0

I have a set of data with a column of category and another column of subcategory. However, some of the category data is incorrect. I want to fix those incorrect category data based on subcategories.

For example, we have two categories: A and B with subcategories A_sub and B_sub. However, one of the entries for category is mistakenly input as "Others" but with a subcategory of "A_sub" (see code below). Is there any elegant way to change "Others" to "A" under the category column?
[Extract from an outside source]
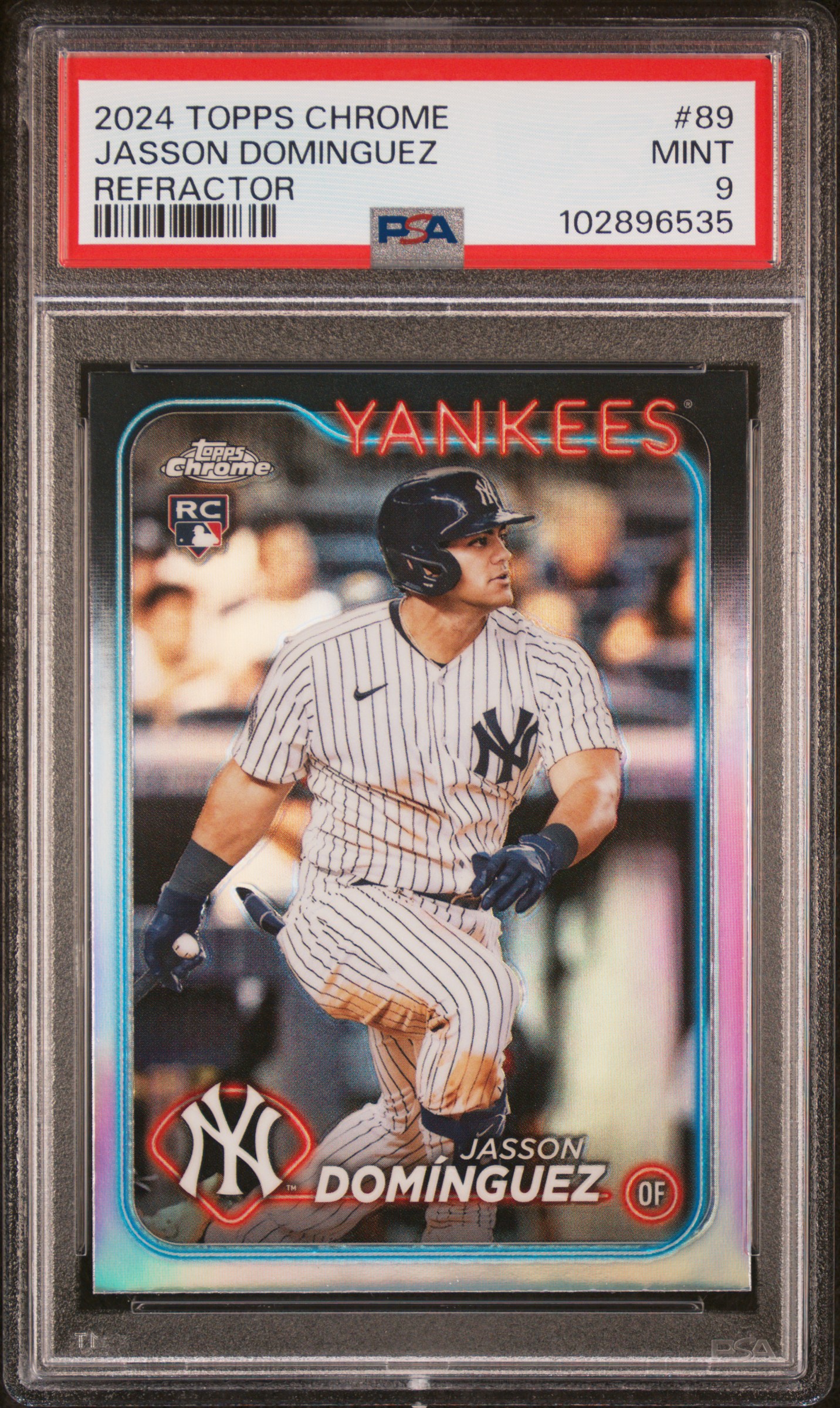 2024 Topps Chrome Jasson Dominguez #89 (Refractor) Mint 9 front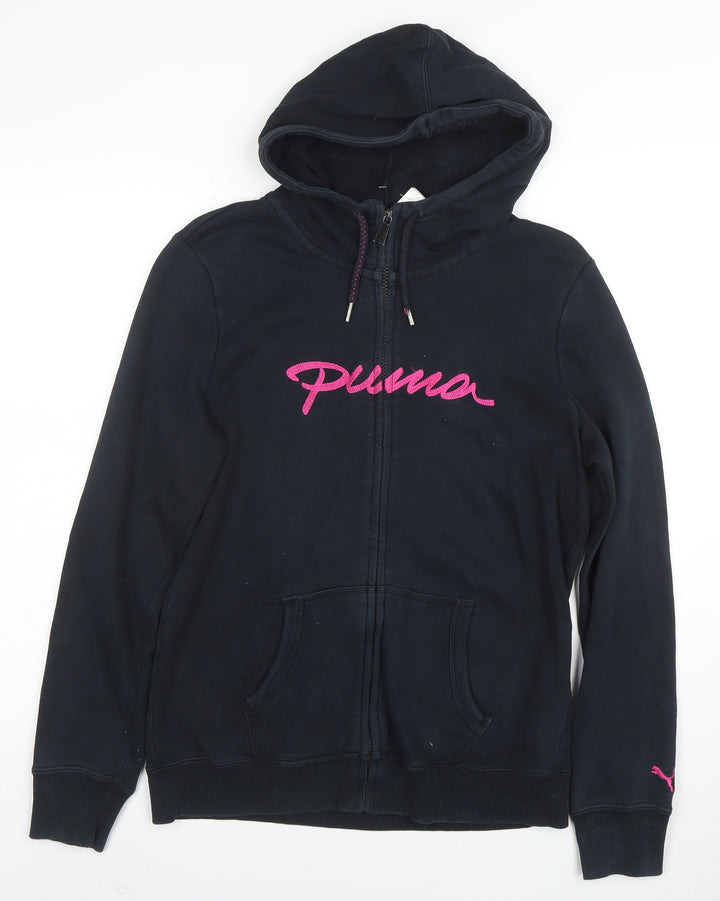 Puma Womens Black Full Zip Hoodie Size 12 Cotton Blend Sportswear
data <- data.frame("category" = c("A", "B", "B", "A", "Others", "Others"), "subcategory" = c("A_sub", "B_sub", "A_sub", "A_sub", "A_sub", "A_sub"))

The expected output is:

expected output

Thank you!

Liwei Dong
  • 53
  • 1
  • 5
  • Thanks for including a reproducible example! What have you tried so far and why didn't it work? – Andrew Jul 09 '19 at 18:20
  • Base r answer `data$category[data$category == "Others"] – InfiniteFlash Jul 09 '19 at 18:22
  • Also, this a duplicate of the [following](https://stackoverflow.com/a/28013895/5874001) – InfiniteFlash Jul 09 '19 at 18:23
  • I tried to manually correct it in excel since there are only 140 categories, but wondering if there is a elegant way in r to do it faster. The issue I am having right now is to find a quick way to create the backwards mapping (from subcategory to category). ie. how to automatically identify the correct category based on other subcategories that have the correct category mapping. – Liwei Dong Jul 09 '19 at 18:26
  • Thanks @InfiniteFlashChess, maybe I am misleading a little bit in the sample code. I changed it so that the 3rd row has the wrong category too. So essentially, I am trying to figure out how to check if the mapping between category and subcategory is correct. The actual data has 140 categories. Thanks! – Liwei Dong Jul 09 '19 at 18:30
  • Assuming I know the subcategories are all correct. – Liwei Dong Jul 09 '19 at 18:31

2 Answers2

0

With dplyr you can use ifelse statements inside of a mutate statement. So you could so something like:

data <- data %>%
dplyr::mutate(category = ifelse(category=="A" & subcategory=="Other", "A_sub", .$subcategory) 
SKyJim
  • 111
  • 6
0

Well if you know that subcategory is correct, why not just take the A/B from the subcategory string and replace the category, like this:

data %>% mutate(category = sub("_.*", "",subcategory))
joshpk
  • 536
  • 3
  • 11